• [Task goal] The response should be a faithful copy of every record, with nothing left out.

• [Items from a data source]
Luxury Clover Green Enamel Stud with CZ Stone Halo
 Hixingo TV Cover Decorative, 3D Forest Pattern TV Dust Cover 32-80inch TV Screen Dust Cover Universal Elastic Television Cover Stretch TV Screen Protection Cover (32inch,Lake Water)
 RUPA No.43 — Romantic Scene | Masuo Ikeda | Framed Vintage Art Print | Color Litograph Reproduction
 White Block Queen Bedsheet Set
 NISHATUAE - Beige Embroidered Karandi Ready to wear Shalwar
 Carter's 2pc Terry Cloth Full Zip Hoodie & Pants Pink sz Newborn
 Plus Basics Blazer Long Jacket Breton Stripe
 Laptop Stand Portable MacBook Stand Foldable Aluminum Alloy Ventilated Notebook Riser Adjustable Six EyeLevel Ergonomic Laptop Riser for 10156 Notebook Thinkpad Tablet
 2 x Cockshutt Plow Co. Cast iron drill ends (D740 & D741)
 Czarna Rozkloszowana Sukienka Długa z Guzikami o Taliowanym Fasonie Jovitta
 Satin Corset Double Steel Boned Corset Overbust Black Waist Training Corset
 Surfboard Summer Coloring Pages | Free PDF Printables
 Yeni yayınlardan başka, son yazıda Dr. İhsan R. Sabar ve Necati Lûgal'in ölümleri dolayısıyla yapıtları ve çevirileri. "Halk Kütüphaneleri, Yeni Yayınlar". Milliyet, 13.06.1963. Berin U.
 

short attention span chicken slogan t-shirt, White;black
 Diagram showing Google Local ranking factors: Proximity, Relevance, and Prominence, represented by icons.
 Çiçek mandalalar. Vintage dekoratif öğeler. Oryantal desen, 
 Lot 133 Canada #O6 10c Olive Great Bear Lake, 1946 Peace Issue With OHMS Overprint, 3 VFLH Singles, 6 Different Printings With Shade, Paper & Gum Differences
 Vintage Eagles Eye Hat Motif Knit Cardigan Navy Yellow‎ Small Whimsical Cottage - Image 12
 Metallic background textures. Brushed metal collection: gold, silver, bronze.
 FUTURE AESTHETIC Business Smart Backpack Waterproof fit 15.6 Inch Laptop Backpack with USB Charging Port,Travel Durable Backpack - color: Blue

• [Your response]
Luxury Clover Green Enamel Stud with CZ Stone Halo
 Hixingo TV Cover Decorative, 3D Forest Pattern TV Dust Cover 32-80inch TV Screen Dust Cover Universal Elastic Television Cover Stretch TV Screen Protection Cover (32inch,Lake Water)
 RUPA No.43 — Romantic Scene | Masuo Ikeda | Framed Vintage Art Print | Color Litograph Reproduction
 White Block Queen Bedsheet Set
 NISHATUAE - Beige Embroidered Karandi Ready to wear Shalwar
 Carter's 2pc Terry Cloth Full Zip Hoodie & Pants Pink sz Newborn
 Plus Basics Blazer Long Jacket Breton Stripe
 Laptop Stand Portable MacBook Stand Foldable Aluminum Alloy Ventilated Notebook Riser Adjustable Six EyeLevel Ergonomic Laptop Riser for 10156 Notebook Thinkpad Tablet
 2 x Cockshutt Plow Co. Cast iron drill ends (D740 & D741)
 Czarna Rozkloszowana Sukienka Długa z Guzikami o Taliowanym Fasonie Jovitta
 Satin Corset Double Steel Boned Corset Overbust Black Waist Training Corset
 Surfboard Summer Coloring Pages | Free PDF Printables
 Yeni yayınlardan başka, son yazıda Dr. İhsan R. Sabar ve Necati Lûgal'in ölümleri dolayısıyla yapıtları ve çevirileri. "Halk Kütüphaneleri, Yeni Yayınlar". Milliyet, 13.06.1963. Berin U.
 

short attention span chicken slogan t-shirt, White;black
 Diagram showing Google Local ranking factors: Proximity, Relevance, and Prominence, represented by icons.
 Çiçek mandalalar. Vintage dekoratif öğeler. Oryantal desen, 
 Lot 133 Canada #O6 10c Olive Great Bear Lake, 1946 Peace Issue With OHMS Overprint, 3 VFLH Singles, 6 Different Printings With Shade, Paper & Gum Differences
 Vintage Eagles Eye Hat Motif Knit Cardigan Navy Yellow‎ Small Whimsical Cottage - Image 12
 Metallic background textures. Brushed metal collection: gold, silver, bronze.
 FUTURE AESTHETIC Business Smart Backpack Waterproof fit 15.6 Inch Laptop Backpack with USB Charging Port,Travel Durable Backpack - color: Blue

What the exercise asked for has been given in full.